Genome data and life bike of HSV-1
(a) Structure of the HSV-i DNA. The unique long (U50) region is flanked past the terminal repeat (TRL) and the internal repeat (IR50). The unique short (USouthward) region is bounded by the terminal repeat (TRS) and the internal repeat (IRS). (b) HSV-1 life cycle. ane: entry into the host cell; 2: viral factor expression; 3: genome replication; 4: virion assembly; 5: release of new infectious virus
The principal infection of HSV-1 is mainly in epithelial or mucosal cells, and and so establishes a latent infection when information technology is transported to the sensory ganglia (Nicoll et al., 2012). During HSV-1 latent infection, the genome transcription is inhibited with the exception of a sequence encoding the latency-associated transcripts (LATs) (Wagner and Bloom, 1997; Preston, 2000; Efstathiou and Preston, 2005). The renewed lytic infection at epithelial or mucosal cells happens when there is reactivation of latent HSV-1 (Wuest and Carr, 2008).

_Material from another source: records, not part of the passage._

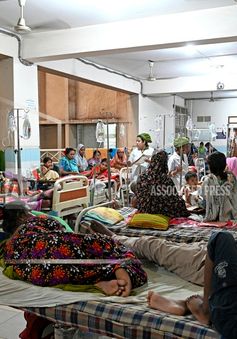 Hơn 1.000 ca tử vong trong đợt bùng phát sốt xuất huyết tồi tệ nhất ở Bangladesh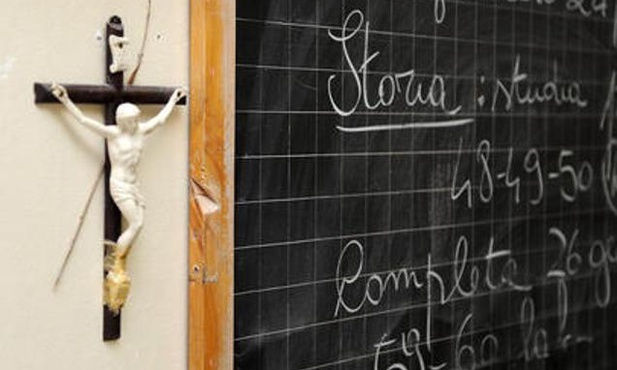 Włochy. Nieletni wandale zniszczyli krzyże w szkole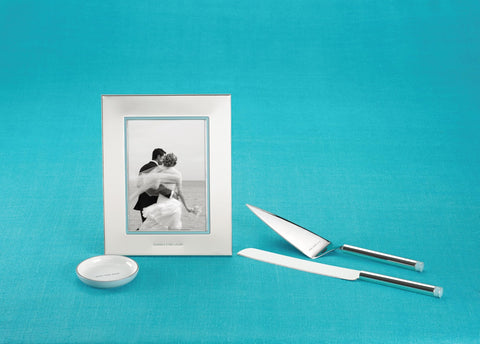 kate spade new york close-up of enamel handle highlights delicate gold accents and detail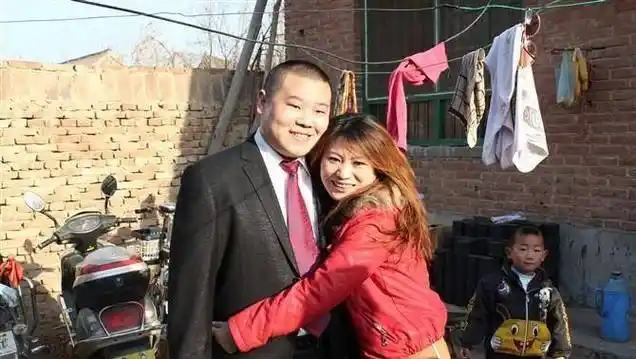 好样的岳云鹏:师傅郭德纲力挺他,妻子护他,朋友夸他_姐姐_工作_小时候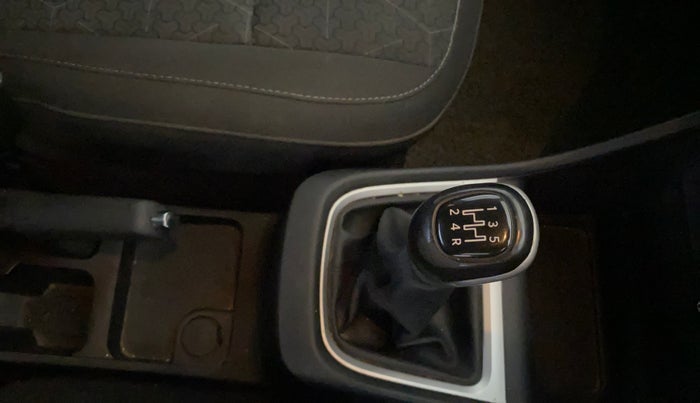 2021 Tata PUNCH CREATIVE  MT, Petrol, Manual, 38,399 km, Gear Lever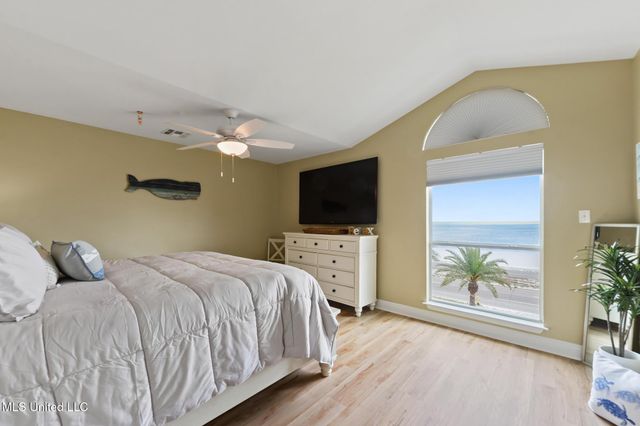 806 W Beach Boulevard, Long Beach, MS 39560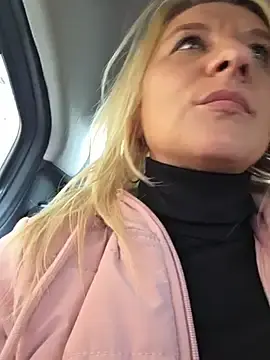 KaylinJan  live sex cam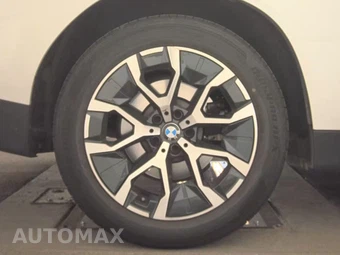 2026 BMW X3 30 xDrive - miniatura 11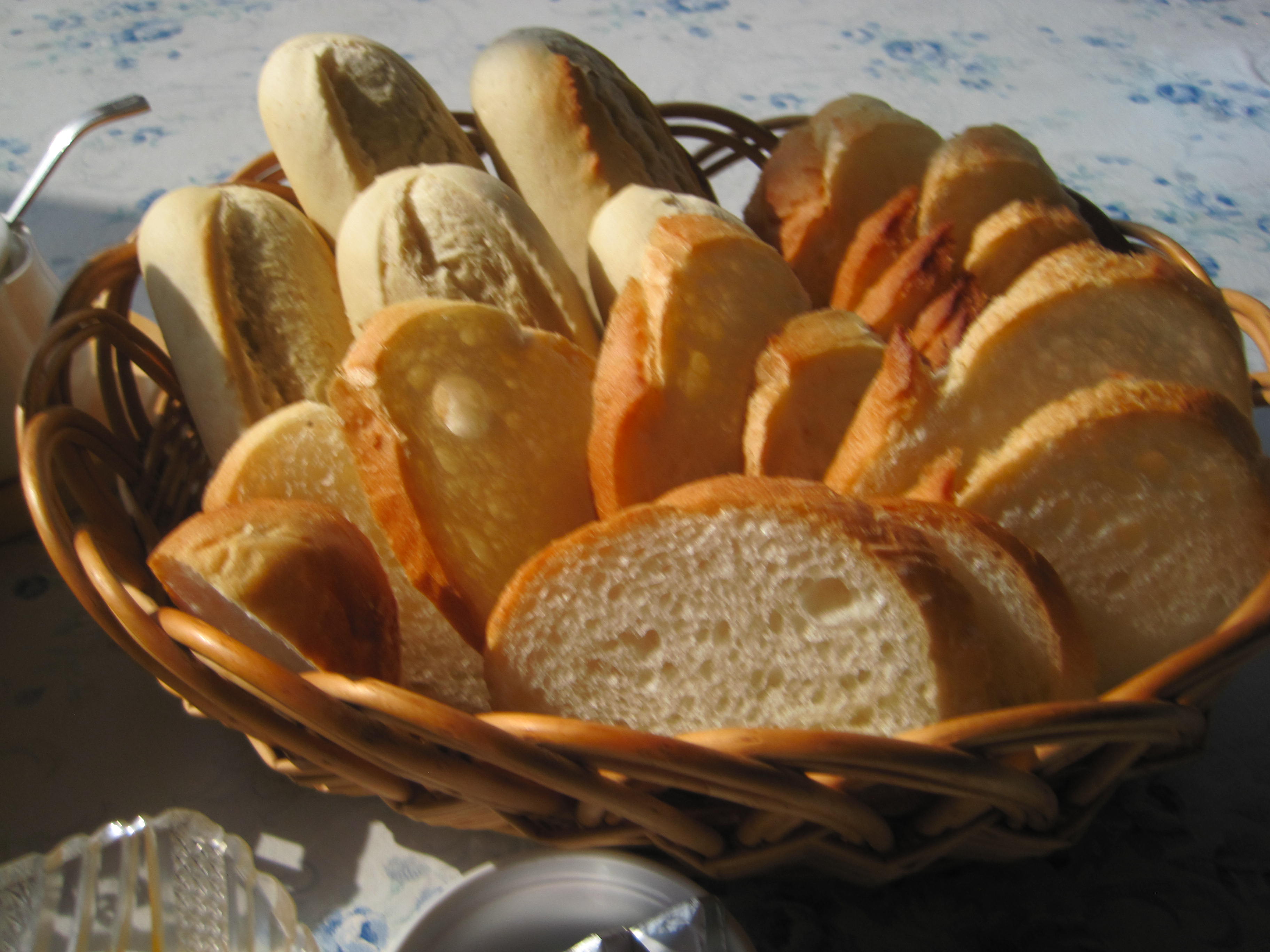 朝食のパンの一例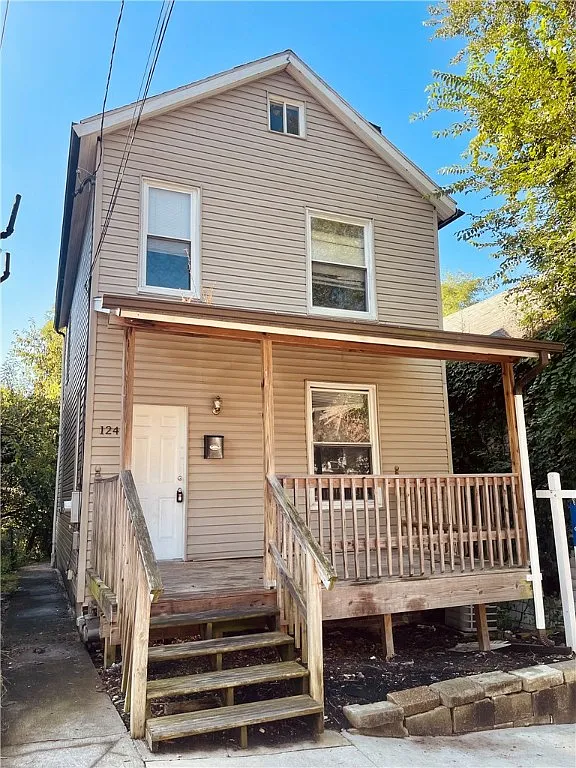124 Beatty St photo 1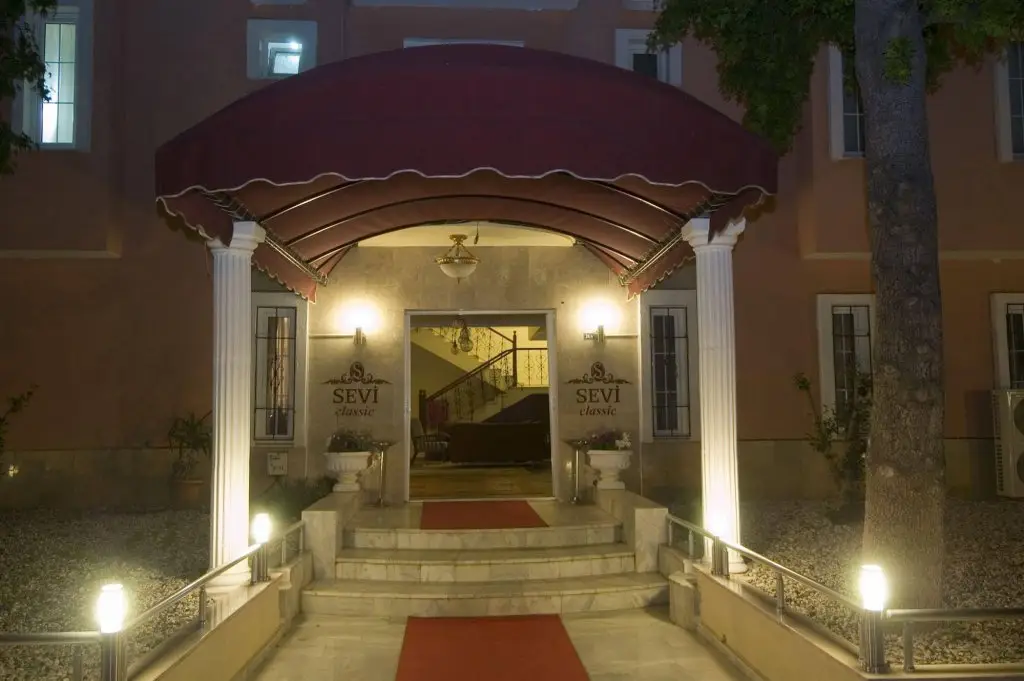 Sevi Classic Hotel — фото 1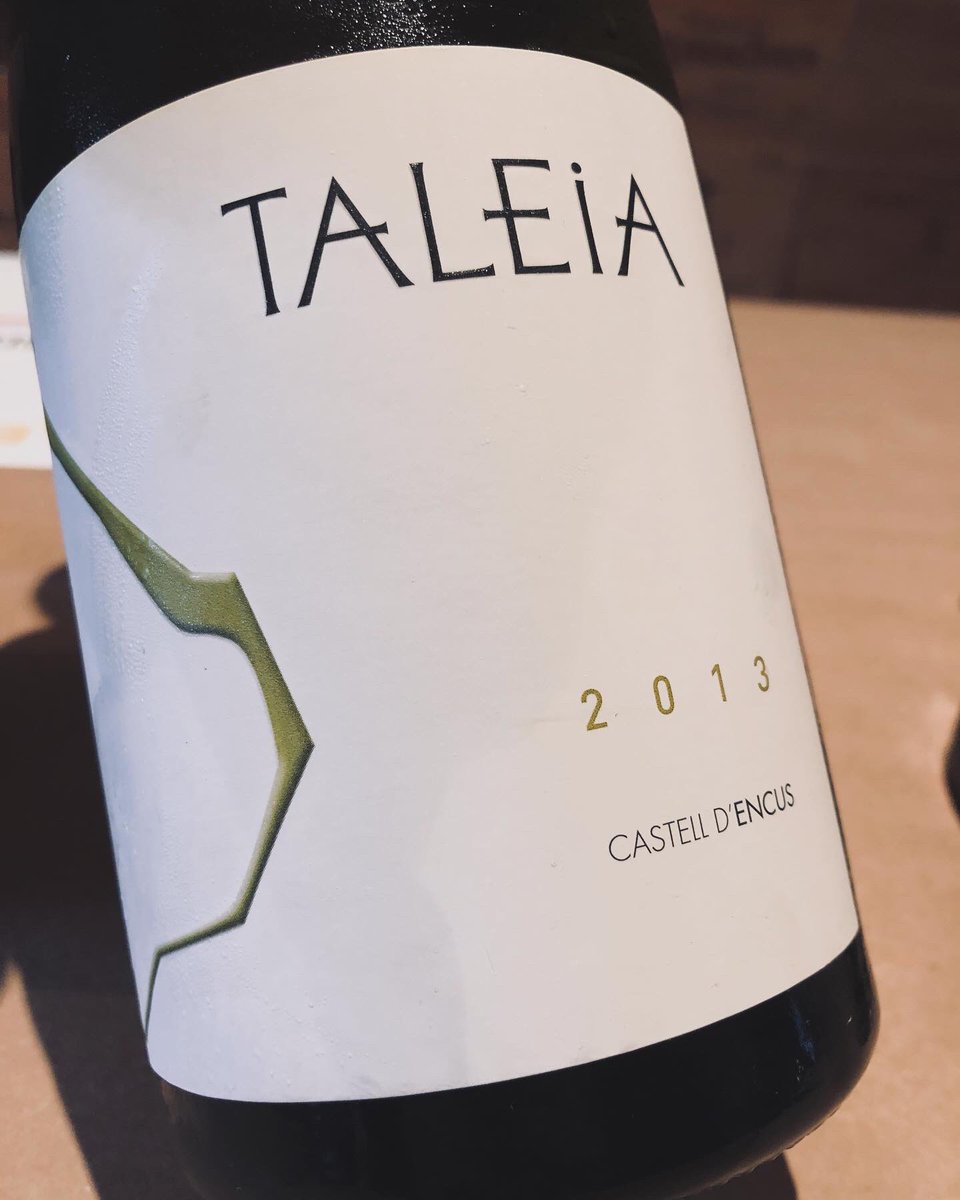 🙏 @vinovidetroitbarcelona for organizing 9 vintages of <a href="/belondrade/">GEOFFROY gerard</a>.vinos Rueda (Verdejo) and 7 vintages of <a href="/castelldencus/">Castell d'Encus</a> Taleia (Sauvignon Blanc &amp; Semillon)

🇪🇸 These are serious Spanish wines that can clearly hold their own. I was most impressed with the 2013 vintages of both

HSV-1 infection is widespread, and its seropositivity may comprehend more than than 70% of the globe population. In developing countries, HSV-ane infection is universal, and acquired from intimate contact with family in early childhood (Whitley et al., 1988). In developed countries, some data suggest that conquering of HSV-1 is delayed from early babyhood to young adulthood (Hashido et al., 1999; Mertz et al., 2003). In the United States, 65% of people have antibodies to HSV-ane, which is similar to the epidemiology in Europe (Xu et al., 2002). HSV-1 infection can cause clinical disease in various parts of the human being body, such every bit genitalia, eye, oral, and central nervous system (CNS). The diseases associated with HSV-1 are listed in Table 1.
Table 1
Diseases associated with HSV-1 infection
| Infected body part | Disease | Reference |
| Pare | Cutaneous canker | Zendri et al., 2005; Faron et al., 2016 |
| Genital canker | Nieuwenhuis et al., 2006; Khoury-Hanold et al., 2016 | |
| Ocular | Canker simplex keratitis (HSK) | Burrel et al., 2013; Tsatsos et al., 2016 |
| Uveitis | Krichevskaia et al., 2005; van Velzen et al., 2013 | |
| Acute retinal necrosis | Mora et al., 2009; Fong et al., 2014 | |
| Orolabial | Cold sores | Richardson et al., 2013; Chi et al., 2015 |
| Oral ulcers | Sepulveda et al., 2005; Nicolatou-Galitis et al., 2006 | |
| CNS | Encephalitis | Bradshaw and Venkatesan, 2016; Eriksson et al., 2016 |
| Meningitis | Eisenstein et al., 2004; Azadfar et al., 2014 | |
| Alzheimer'south disease | Beffert et al., 1998; Itzhaki et al., 1998 |
Inhibition of viral infection and clearance of the virus from infected cells rely on the innate and adaptive immunity of the host. The host innate immune system has evolved soluble components and specialized cells to cake viral infection, replication, and shedding (Medzhitov and Janeway, 2000; Kawai and Akira, 2006). During viral infection, design recognition receptors (PRRs) have a role in detecting the viral pathogen-associated molecular patterns (PAMPs) in infected cells. The activated PRRs, such as Toll-like receptors (TLRs) and retinoic acid inducible gene-I (RIG-I)-similar receptors (RLRs), volition induce interferon production and cytokine release (Akira et al., 2006). The cellular PRRs to detect HSV-one PAMPs have been reviewed extensively (Paludan et al., 2011; Melchjorsen, 2012). The type I interferon (IFN) signal pathway is the important first line of defense for the host against HSV-i. The innate immune cells including monocytes, neutrophils, dendritic cells (DCs), macrophages, and natural killer (NK) cells also play a crucial role in inhibiting HSV-1 infection (Kodukula et al., 1999; Barr et al., 2007; Spud et al., 2008; Zheng et al., 2008; Mott et al., 2011; 2014; Frank et al., 2012; Kim et al., 2012; Molesworth-Kenyon et al., 2012; Swiecki et al., 2013; Vogel et al., 2014; Menasria et al., 2015). During infection, HSV-1 has developed multiple mechanisms to evade innate host immune responses and benumb host antiviral elements (Paladino and Mossman, 2009; Suazo et al., 2015; Su et al., 2016). Although the functions of host innate amnesty such as blazon I IFN and innate allowed cell activity are need to suppress HSV-ane replication and infection, the generation of both CD8+ and CD4+ T cells is ultimately required to inhibit viral infection, bulldoze HSV-1 into latency, and repress reactivation. This review will summarize and discuss current findings of the T cell immune response during HSV-1 infection, which could facilitate the attempts of more constructive vaccine development for treating HSV-1 infection.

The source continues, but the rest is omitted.